EXERCISE = Would you return the lines that run from the start of the data below to the line with "Catching up with", both included, exactly as written and without pictures?

THE DATA =
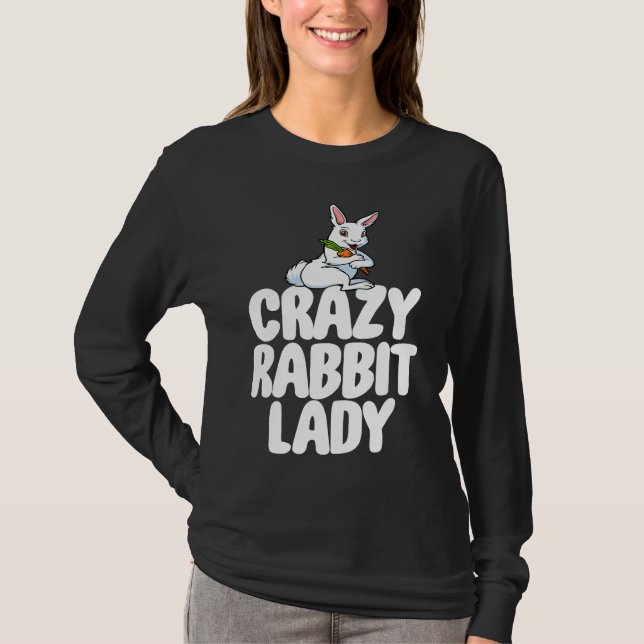 Crazy Rabbit Lady  Women Crazy Bunny Lady T-Shirt (Vorderseite)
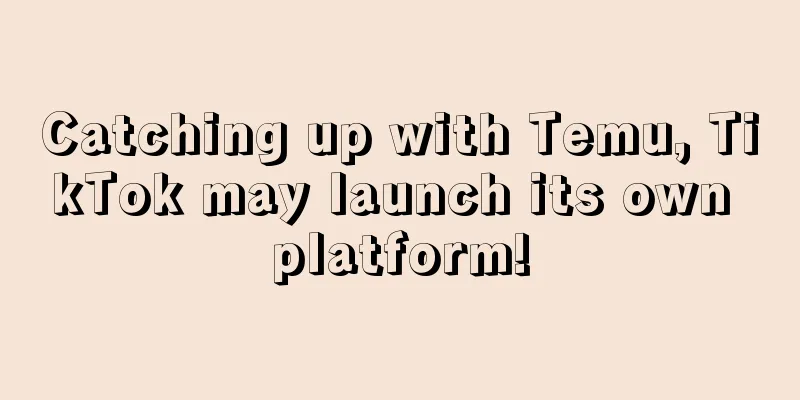 Catching up with Temu, TikTok may launch its own platform!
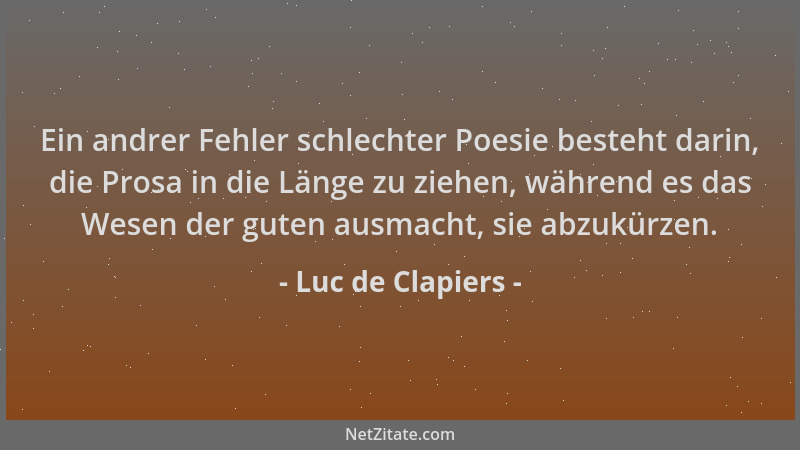 Luc de Clapiers - Ein andrer Fehler schlechter Poesie besteht darin, die Prosa in die Länge zu ziehen, während es das Wesen...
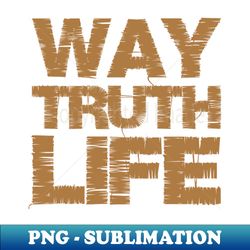 way truth life - signature sublimation png file - unlock vibrant sublimation designs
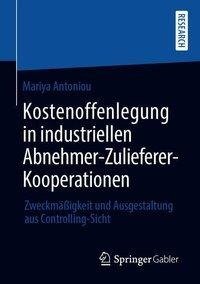 Kostenoffenlegung in industriellen Abnehmer-Zulieferer-Kooperationen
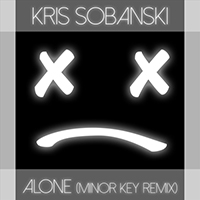 Sobanski, Kris - Alone (Minor Key Remix) (Single)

YOUR SOLUTION =
 Crazy Rabbit Lady  Women Crazy Bunny Lady T-Shirt (Vorderseite)
 Catching up with Temu, TikTok may launch its own platform!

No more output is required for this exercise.